Все умолкли, но спустя некоторое время Вениамин нарушил покой тяжелым вздохом:
– Эх-хо-хо, а моя Марфутка не догадалась бы выйти хотя бы на десять минут на станцию.
Потом снова тишина да равномерный стук колес.
– А кто понесет туфли к этой самой сестре интенданта?
– спросил Галимов.
– Я, - отозвался Крупнов.
– Вы? Гм. Я ведь холостой.
– Я тоже неженатый.
– Зря, женился бы дома, теперь не мешал бы мне.
Опять тишина, потом голос Ясакова:
– Раздумаешься - скучно служить, братцы.
– Теперь дома хорошо!.. Но присяга... Так надо. Все тяжелое - надо, чтоб войны не было, - сказал Галимов.
– Я робкий и жалостливый, Абзал. Истреблял жалость боксом - не вышло. И как я буду стрелять в человека? Не знаю...
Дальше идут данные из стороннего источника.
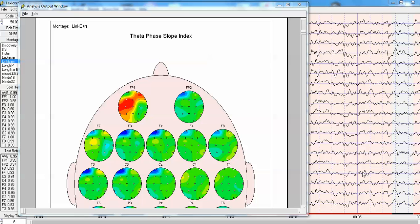It's really based upon the imaginary part of coherency in which when there's volume conduction, there will be no net information flow. And in fact, here's a picture from NeuroGuide that I will be showing other examples of.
В Москве их поместили в Чернышевских казармах - тут формировался для парада сводный полк Западного военного округа. До парада оставалось несколько дней, и все это время тренировались то в составе роты, то в составе батальона и полка. И как ни дружно и ни слаженно ходили, поворачивались, кричали "ура", генерал был недоволен ими. Недоволен он был еще и тем, что среди рослых солдат оказалось несколько человек маленьких. Сам же генерал Кошкаровский был среди всех едва ли не самого маленького роста, но такой осанистый, так пронзительно глядел острыми глазами, так лихо были подкручены его черные усы, до того ладно облегал мундир полное тело, что казалось, он и родился настоящим генералом, а другие генералы в сравнении с ним - какое-то отклонение от нормы.
Проходя перед строем, генерал остановился перед Галимовым, измерил его взглядом, спросил полковника:
– Это чей же недоросток?
Галимов вскинул голову: он плохо понимал сейчас, что говорят о нем. "Халхин-Гол" - расслышал он. Ему велели выйти из строя. Сделал он это так ловко владея каждым мускулом своего крупного тела, что генерал смягчился.
Генерал пощупал его широкие плечи, попробовал взять винтовку и не мог: намертво застыла она в железной рука Абзала.
– Ну что?
– спросил генерал, улыбаясь, все еще пытаясь вырвать винтовку.
– Товарищ генерал, я могу любого длинного побороть.
Генерал остановился перед Ясаковым и Крупновым.
– Вот эти два красавца и понесут знамена дивизии, - сказал он сопровождавшему его полковнику.
После смотра 30 апреля вечером Александр Крупнов, завернув туфли в бумагу, поехал на Тверскую-Ямскую. На редкость был теплый вечер. Москва шумела тем постоянным неумолкающим гулом, который создавал впечатление неспадающего рабочего веселого напряжения. Всюду попадались люди с покупками, слышались разговоры о празднике.
Двери в общую квартиру открыла молодая женщина в халате, одна половина головы была завита, другой еще не коснулись щипцы, которые держала женщина в руке. Это и была сестра интенданта.
Она провела его в маленькую комнату, пригласила сесть на жесткий диван.
– Может быть, вина?
– Мне и так весело.
– Еще бы! Такой молодец!
Он пил воду и исподлобья посматривал на хозяйку, выжидательно стоявшую перед ним. Была она лет двадцати пяти, полная, красивыми бараньими глазами смахивала на своего брата.